Cilatus Manufacturing Services core business is to provide End-to-End QA review and QP release services for commercial and investigational medicinal products. We are licensed by the Irish Regulatory Authority (Health Products Regulatory Authority) to QP certify batches for the export of commercial and investigational medicinal products from the EU, to import into the EU for medicinal product for sale or use in EU clinical trials and for any medicinal products completely manufactured within the EU, we provide the QP certification necessary for their sale to the EU market or use in EU clinical trials.

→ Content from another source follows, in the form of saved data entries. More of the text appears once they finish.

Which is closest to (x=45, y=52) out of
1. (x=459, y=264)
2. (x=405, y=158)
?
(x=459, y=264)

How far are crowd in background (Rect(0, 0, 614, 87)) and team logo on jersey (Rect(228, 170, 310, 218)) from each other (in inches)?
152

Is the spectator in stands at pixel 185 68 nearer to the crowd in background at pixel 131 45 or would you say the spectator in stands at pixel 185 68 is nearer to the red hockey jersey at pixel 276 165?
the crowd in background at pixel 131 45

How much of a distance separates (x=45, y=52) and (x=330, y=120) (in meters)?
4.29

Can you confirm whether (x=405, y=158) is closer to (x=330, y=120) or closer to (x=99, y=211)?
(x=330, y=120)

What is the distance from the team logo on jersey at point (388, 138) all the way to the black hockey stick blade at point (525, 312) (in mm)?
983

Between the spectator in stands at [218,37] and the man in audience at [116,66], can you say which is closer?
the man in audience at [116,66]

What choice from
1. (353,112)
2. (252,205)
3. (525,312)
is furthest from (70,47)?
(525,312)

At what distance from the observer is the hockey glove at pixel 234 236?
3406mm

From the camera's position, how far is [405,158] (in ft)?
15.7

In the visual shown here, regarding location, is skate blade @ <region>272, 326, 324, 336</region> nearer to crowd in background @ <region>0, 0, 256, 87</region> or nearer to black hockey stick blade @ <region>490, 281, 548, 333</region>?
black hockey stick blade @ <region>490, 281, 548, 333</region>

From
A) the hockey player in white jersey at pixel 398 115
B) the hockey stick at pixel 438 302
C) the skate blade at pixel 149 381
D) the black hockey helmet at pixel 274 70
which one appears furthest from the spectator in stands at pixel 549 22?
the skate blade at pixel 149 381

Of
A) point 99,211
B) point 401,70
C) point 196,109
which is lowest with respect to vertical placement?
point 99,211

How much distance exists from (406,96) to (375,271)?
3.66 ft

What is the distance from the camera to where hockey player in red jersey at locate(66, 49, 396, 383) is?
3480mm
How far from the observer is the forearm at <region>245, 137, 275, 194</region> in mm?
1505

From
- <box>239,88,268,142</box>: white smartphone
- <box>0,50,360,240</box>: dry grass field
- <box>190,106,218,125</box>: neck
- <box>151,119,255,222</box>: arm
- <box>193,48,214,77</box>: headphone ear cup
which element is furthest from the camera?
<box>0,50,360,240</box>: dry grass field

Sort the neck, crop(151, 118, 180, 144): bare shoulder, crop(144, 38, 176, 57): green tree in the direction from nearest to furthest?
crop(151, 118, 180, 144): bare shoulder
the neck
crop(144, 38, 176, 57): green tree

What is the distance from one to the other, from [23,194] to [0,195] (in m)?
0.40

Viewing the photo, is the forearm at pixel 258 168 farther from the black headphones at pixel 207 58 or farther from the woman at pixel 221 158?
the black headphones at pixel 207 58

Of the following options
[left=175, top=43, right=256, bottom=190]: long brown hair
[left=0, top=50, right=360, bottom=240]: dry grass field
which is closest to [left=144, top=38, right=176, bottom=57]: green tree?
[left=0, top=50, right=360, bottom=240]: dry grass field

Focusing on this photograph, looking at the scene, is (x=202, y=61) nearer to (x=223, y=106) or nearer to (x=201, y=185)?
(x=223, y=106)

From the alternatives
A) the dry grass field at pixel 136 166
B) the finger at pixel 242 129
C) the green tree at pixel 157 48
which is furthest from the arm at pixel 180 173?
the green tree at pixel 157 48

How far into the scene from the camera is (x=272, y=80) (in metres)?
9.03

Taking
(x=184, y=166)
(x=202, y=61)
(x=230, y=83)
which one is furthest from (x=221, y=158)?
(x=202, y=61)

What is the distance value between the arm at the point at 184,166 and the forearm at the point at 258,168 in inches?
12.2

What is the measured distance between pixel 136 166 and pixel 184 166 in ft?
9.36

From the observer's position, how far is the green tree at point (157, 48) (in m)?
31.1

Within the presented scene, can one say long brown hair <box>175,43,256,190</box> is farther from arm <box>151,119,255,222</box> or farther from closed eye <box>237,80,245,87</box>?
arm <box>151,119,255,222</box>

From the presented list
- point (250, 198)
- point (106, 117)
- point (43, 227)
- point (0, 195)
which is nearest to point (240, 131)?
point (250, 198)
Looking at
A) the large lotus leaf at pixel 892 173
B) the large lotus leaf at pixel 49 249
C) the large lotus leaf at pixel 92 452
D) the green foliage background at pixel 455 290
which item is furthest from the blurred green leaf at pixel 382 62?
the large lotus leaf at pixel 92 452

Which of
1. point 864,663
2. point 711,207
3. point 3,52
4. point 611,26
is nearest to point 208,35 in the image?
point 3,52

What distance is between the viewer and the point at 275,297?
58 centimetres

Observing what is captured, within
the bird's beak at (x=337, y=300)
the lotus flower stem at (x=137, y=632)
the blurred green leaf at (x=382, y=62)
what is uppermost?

Our Quality Assurance Team has in-depth knowledge of biotechnology and traditional pharmaceutical manufacturing processes.

For commercial and investigational products, we comply with all required EU legislation including GMP Guide Volume 4, Annexes 13 and 16, Clinical Trials Directive 2001/20/EC and others as required.

We can fully support our clients by providing a comprehensive range of QA services including completing Supply Chain Maps, QP Declarations, Dossier Review and Product Quality Review activities.

We operate a validated electronic Quality Management System and a file-sharing platform ensuring full confidentiality, control, security and segregation for all client documentation. In addition, our validated documentation systems facilitate a streamlined and efficient transfer of documentation to and from our clients ensuring business continuity and integral back up as required.